[Stored items from a collection]
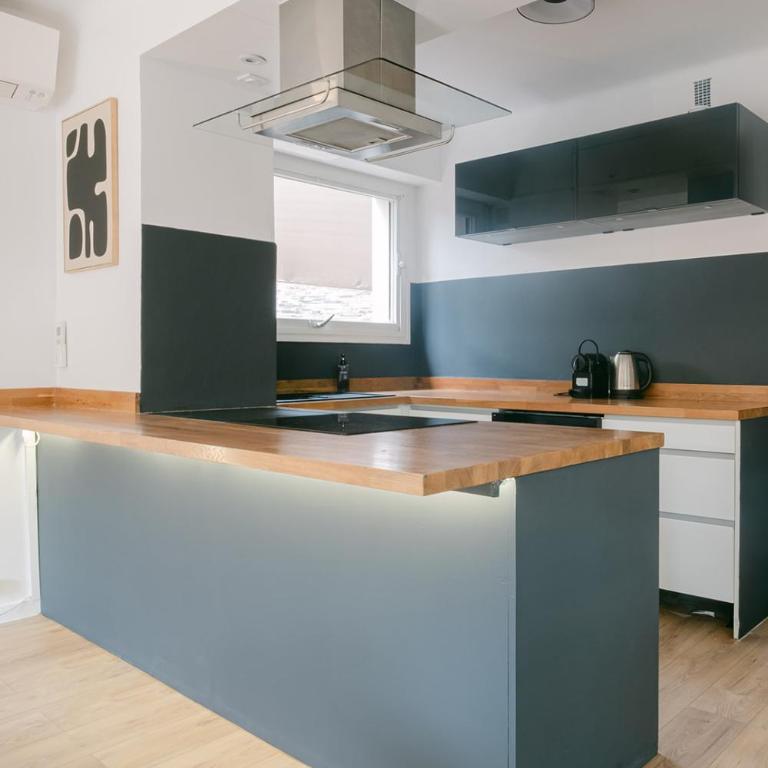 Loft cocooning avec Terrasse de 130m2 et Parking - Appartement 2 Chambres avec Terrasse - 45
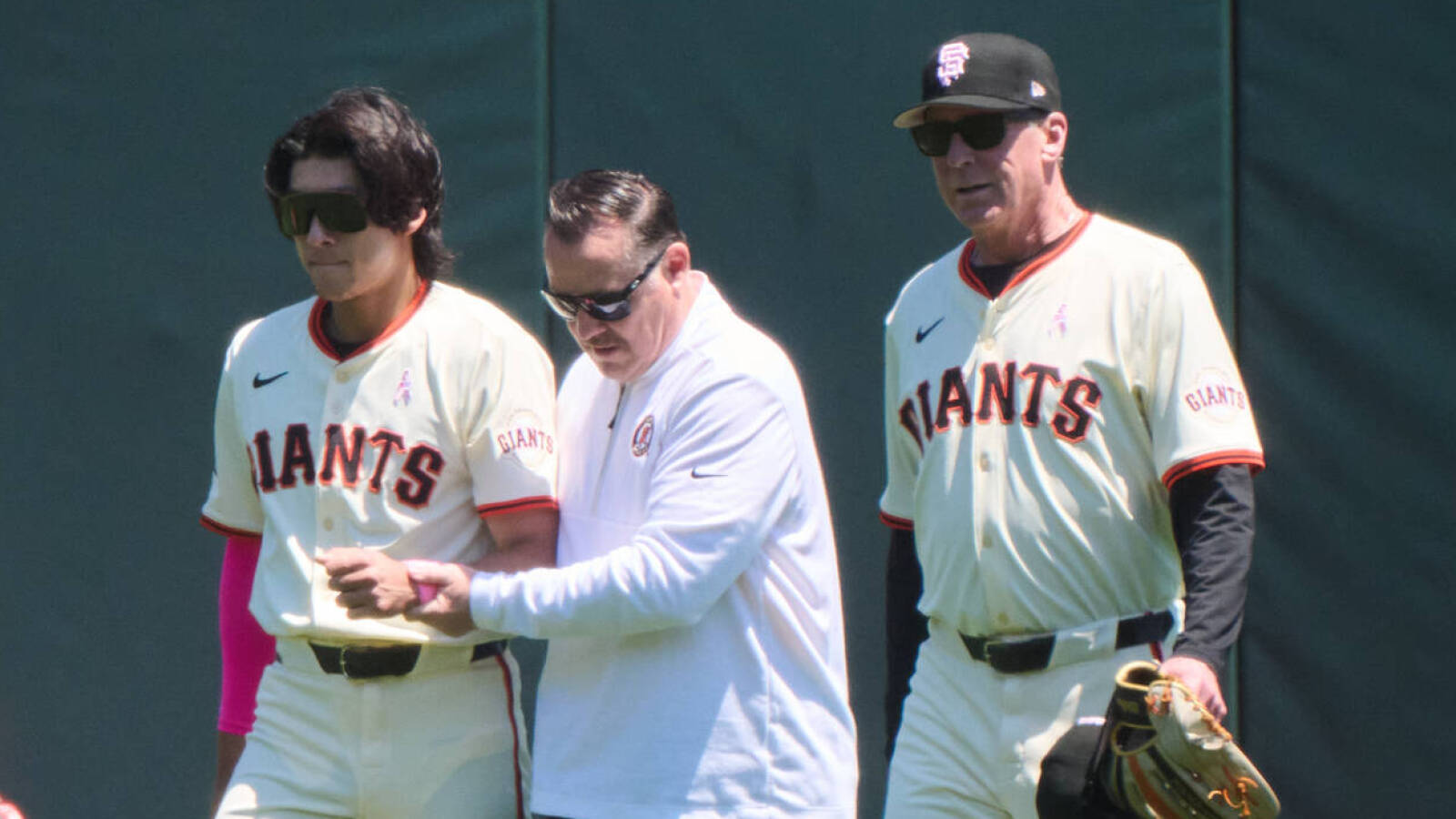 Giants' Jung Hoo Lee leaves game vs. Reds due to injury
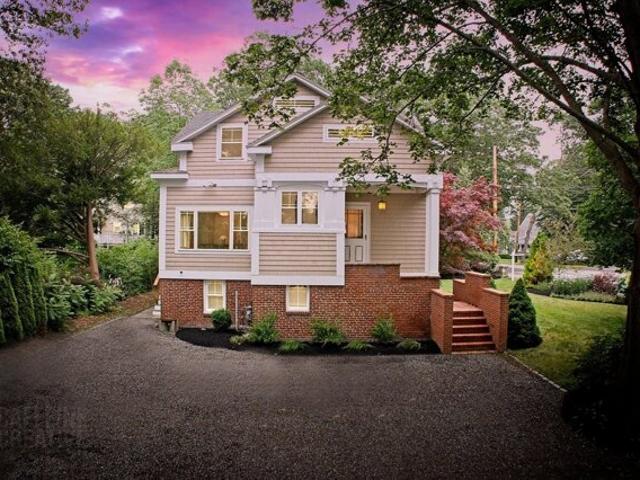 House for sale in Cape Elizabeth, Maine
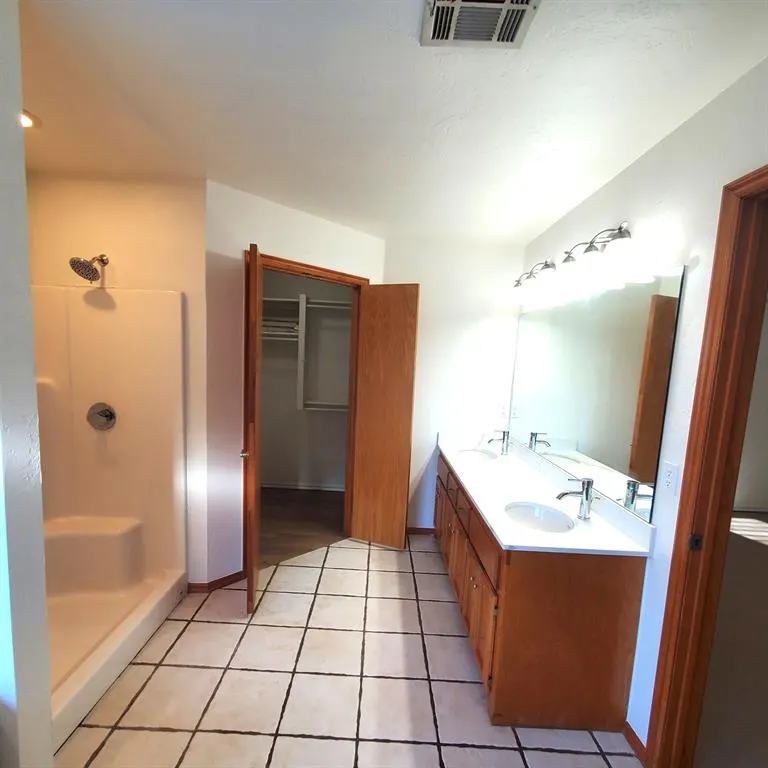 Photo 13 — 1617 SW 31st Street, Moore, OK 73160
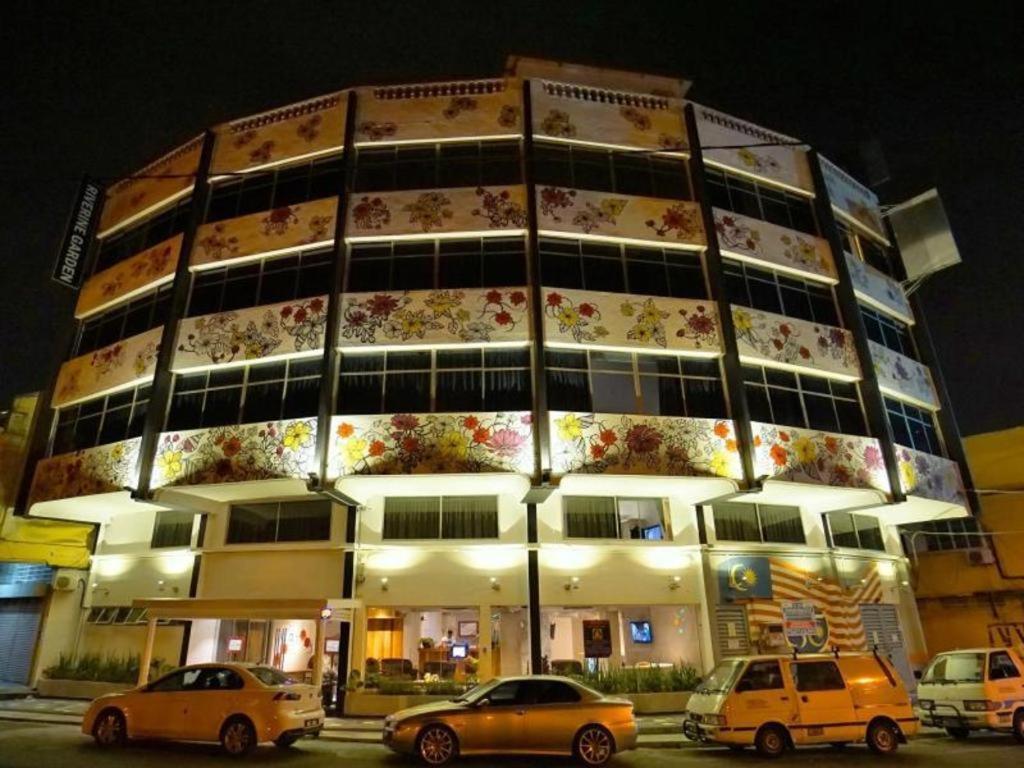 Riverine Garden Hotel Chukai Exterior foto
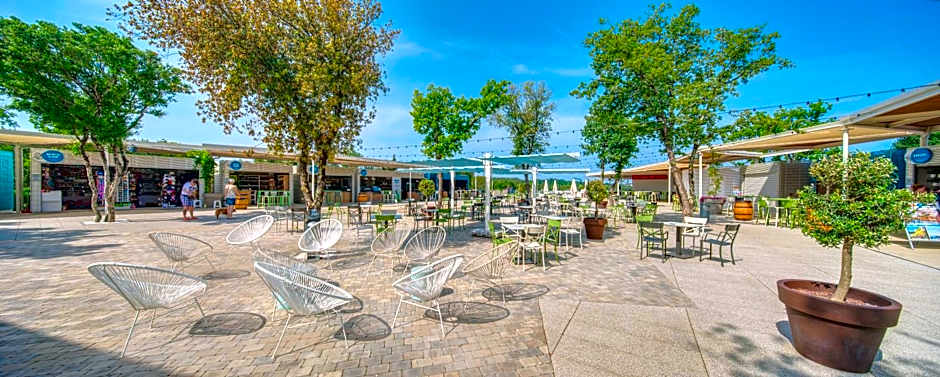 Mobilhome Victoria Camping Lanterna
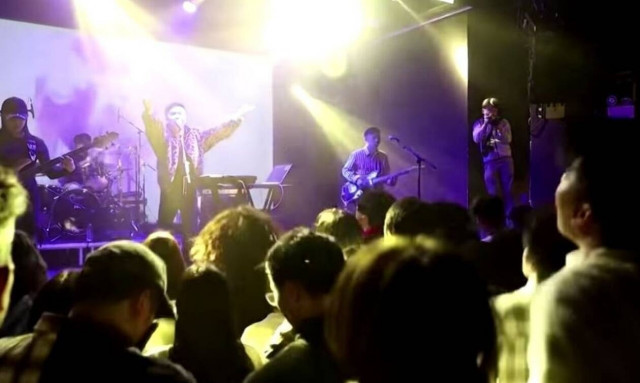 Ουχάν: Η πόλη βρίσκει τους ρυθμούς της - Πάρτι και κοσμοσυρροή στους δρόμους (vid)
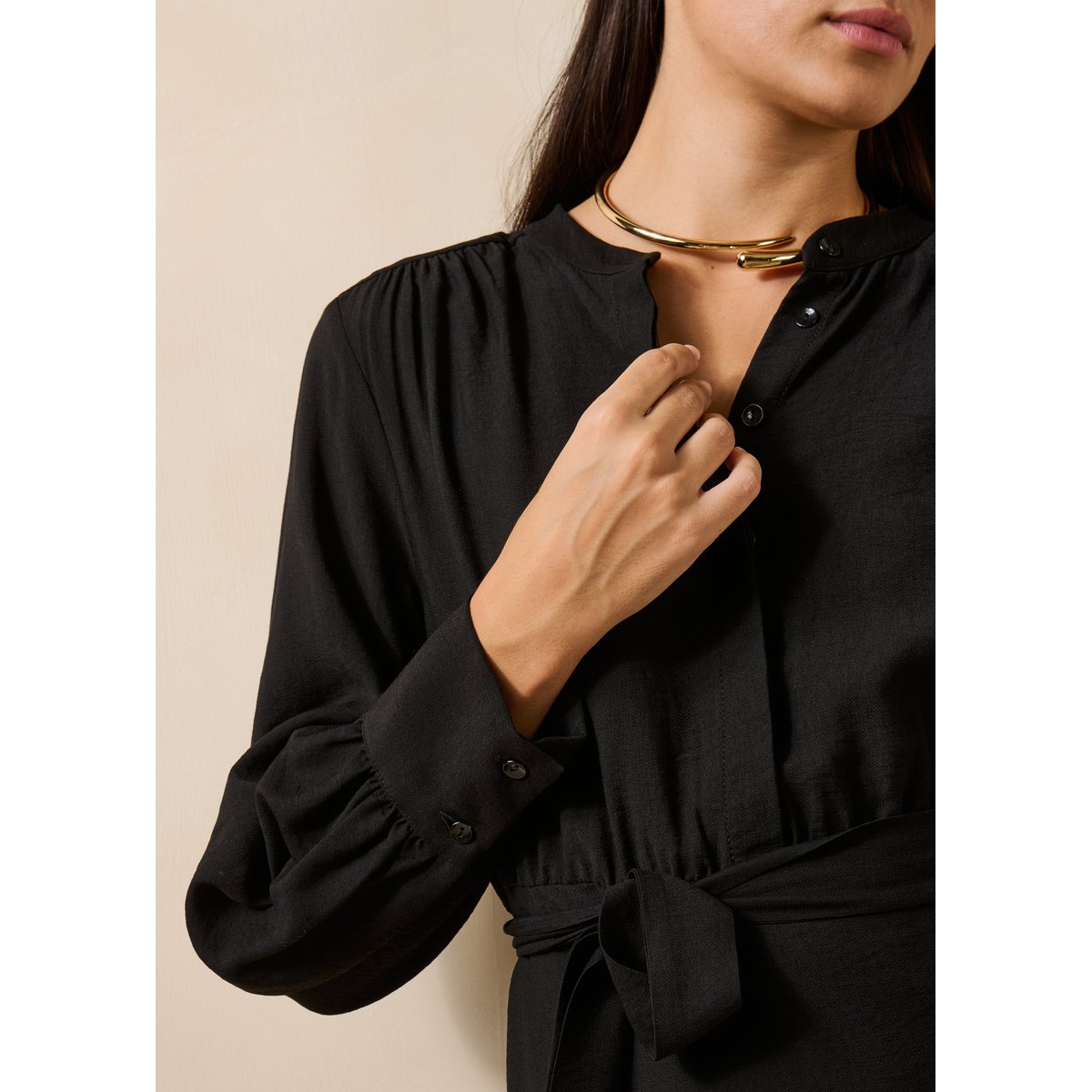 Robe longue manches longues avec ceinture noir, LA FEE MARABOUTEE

PROBLEM TO SOLVE: Leave out the pictures and copy every record above exactly.

SOLUTION TO THIS TASK:
 Loft cocooning avec Terrasse de 130m2 et Parking - Appartement 2 Chambres avec Terrasse - 45
 Giants' Jung Hoo Lee leaves game vs. Reds due to injury
 House for sale in Cape Elizabeth, Maine
 Photo 13 — 1617 SW 31st Street, Moore, OK 73160
 Riverine Garden Hotel Chukai Exterior foto
 Mobilhome Victoria Camping Lanterna
 Ουχάν: Η πόλη βρίσκει τους ρυθμούς της - Πάρτι και κοσμοσυρροή στους δρόμους (vid)
 Robe longue manches longues avec ceinture noir, LA FEE MARABOUTEE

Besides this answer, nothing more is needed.